----- Data extracts -----

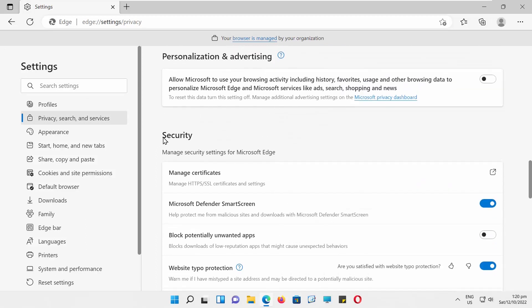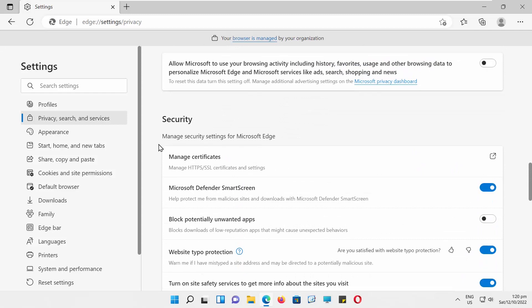Look for Website Type of Protection option. Turn the switch off to disable it. Turn the switch on if you want to enable the option.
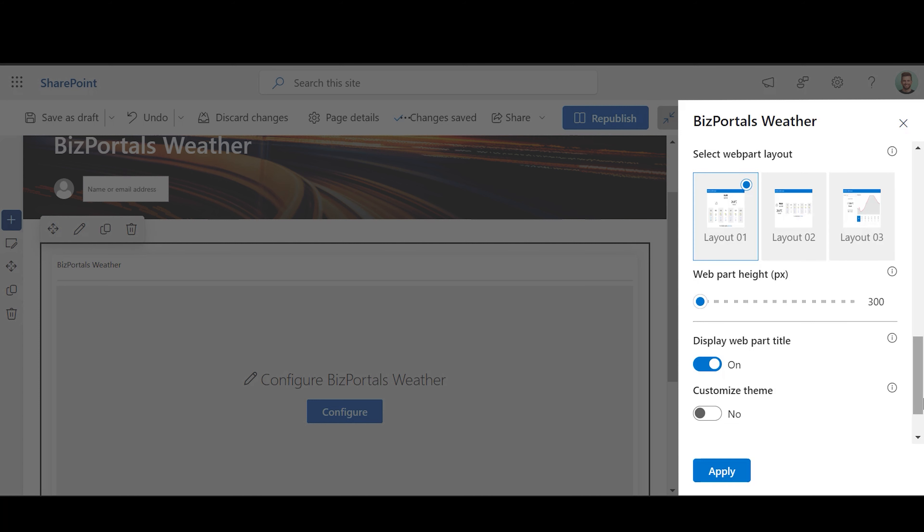Web Part Height: Adjust height of web part by sliding the range bar according to the requirement.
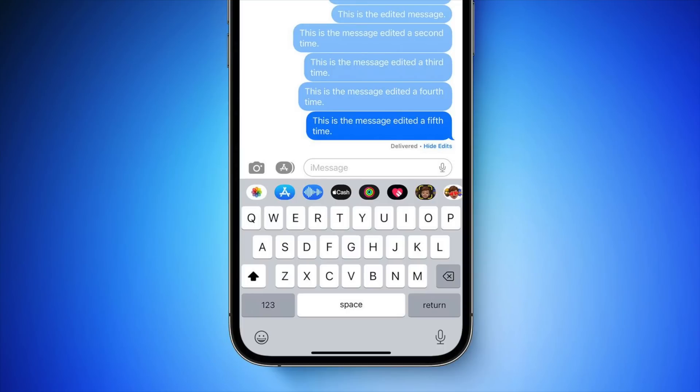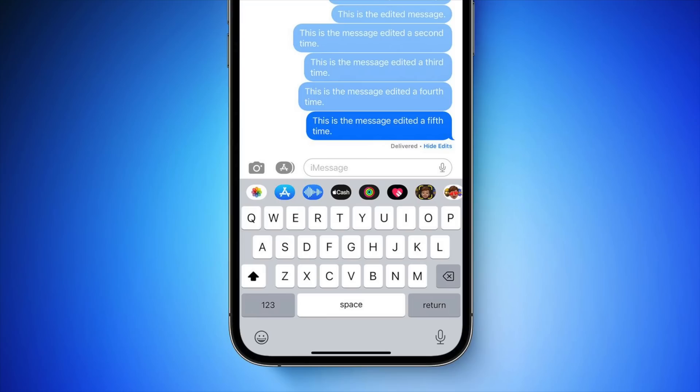Starting with Messages, beta 4 now adds new limits for editing and unsend features. When you edit a message, the edit history is now sent to the recipient along with the edit, so the original content is visible. On an edited iMessage, you can now tap on the small blue edited label to see the edit history, and it can be hidden again by tapping on Hide Edits.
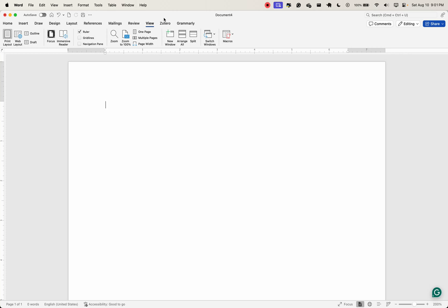And you might be wondering, how about these Zotero and Grammarly? Those were plugins that I added to my Microsoft 365. And I'll show you how to do those as well, because Grammarly is very essential, especially if you want to proofread your documents much more easily. So I'll see you in the next one where we talk about how to customize the Quick Access Toolbar. See you then. Bye.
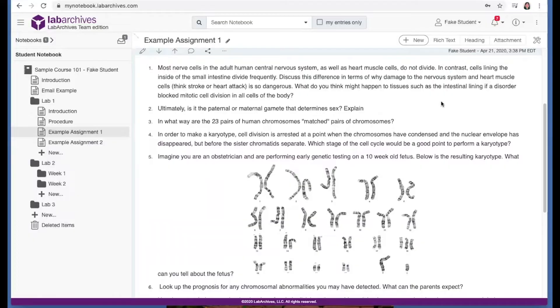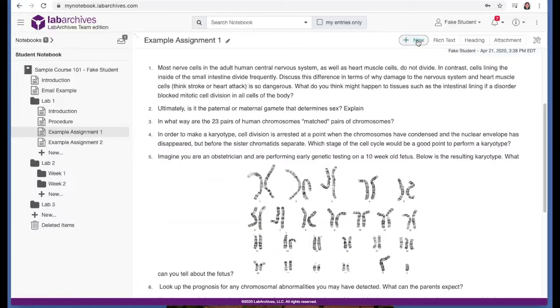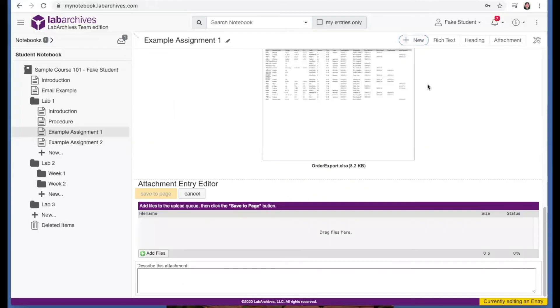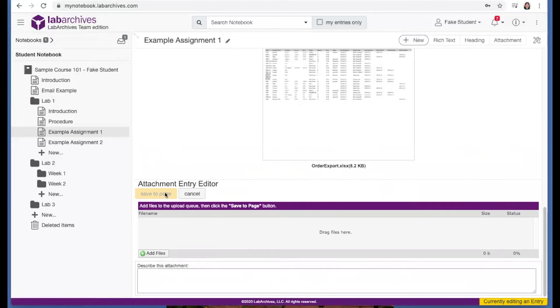You can also add attachments of any file type to the page by dragging and dropping a file right onto the page, or by clicking this plus new button and selecting attachment. Click this add files button to select a file from your computer, and then click save to page.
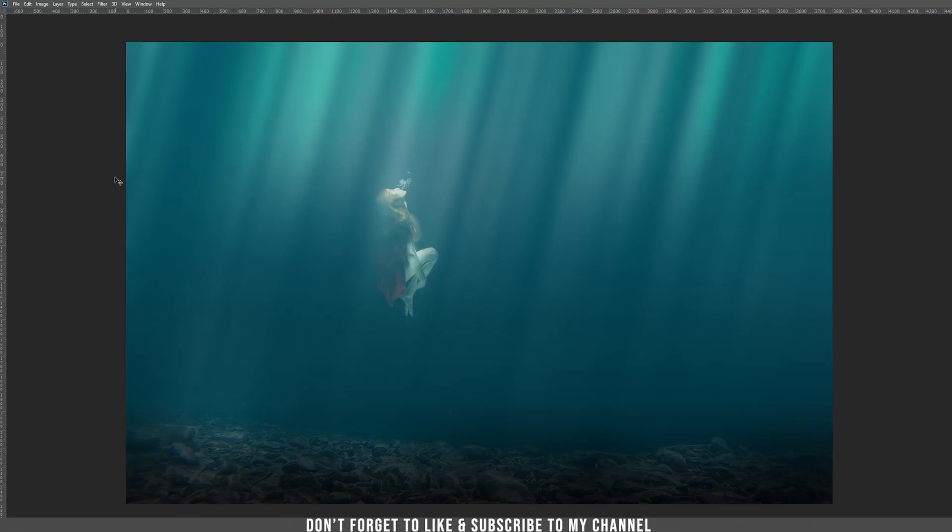Hello, I am Mr23 and today I am going to teach you how to create this underwater magical scene and how to create those wonderful sun rays.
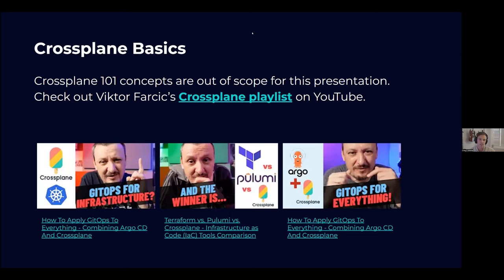This is not a Crossplane 101 talk, so I'll gloss over some Crossplane concepts and assume some familiarity. If this is your first time hearing about Crossplane, a great way to learn is by going to Victor Farsik's videos on YouTube — he works at Upbound and makes incredible content for the community with a lot of great videos on Crossplane.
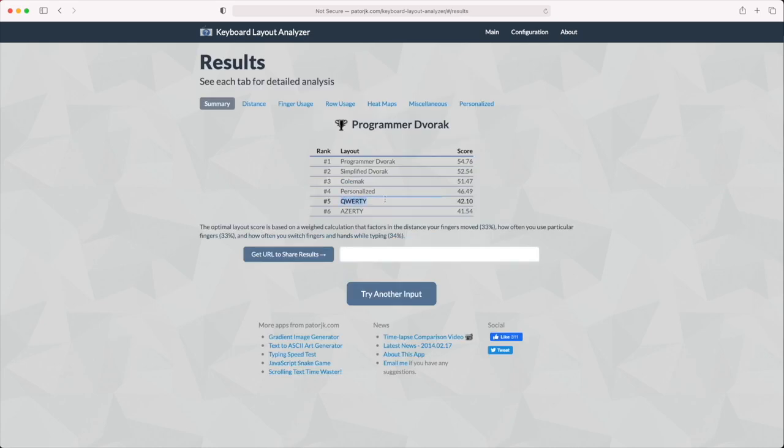Regardless of what metric you choose to measure it, QWERTY is just not a very effective keyboard layout. You can try it with code, it's not the best. You can try it with prose, it's not the best. You can try it with the text of the email that you just sent and it's almost certainly not the best layout. So it seems pretty obvious, however you want to analyse QWERTY, that it's not the best layout for typing things.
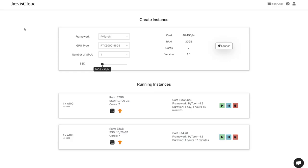Hi friends, good morning. I'm Vishnu Subramaniam from javislabs.ai. In this video we are going to see how we can build a U-Net model using TIM and fastai repositories.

-----

## Exercise requirements
An exact copy is needed of the stretch above that opens with the line containing "And you might" and closes with the line containing "You can also"; the pictures are not part of it.

## Task response
And you might be wondering, how about these Zotero and Grammarly? Those were plugins that I added to my Microsoft 365. And I'll show you how to do those as well, because Grammarly is very essential, especially if you want to proofread your documents much more easily. So I'll see you in the next one where we talk about how to customize the Quick Access Toolbar. See you then. Bye.
You can also add attachments of any file type to the page by dragging and dropping a file right onto the page, or by clicking this plus new button and selecting attachment. Click this add files button to select a file from your computer, and then click save to page.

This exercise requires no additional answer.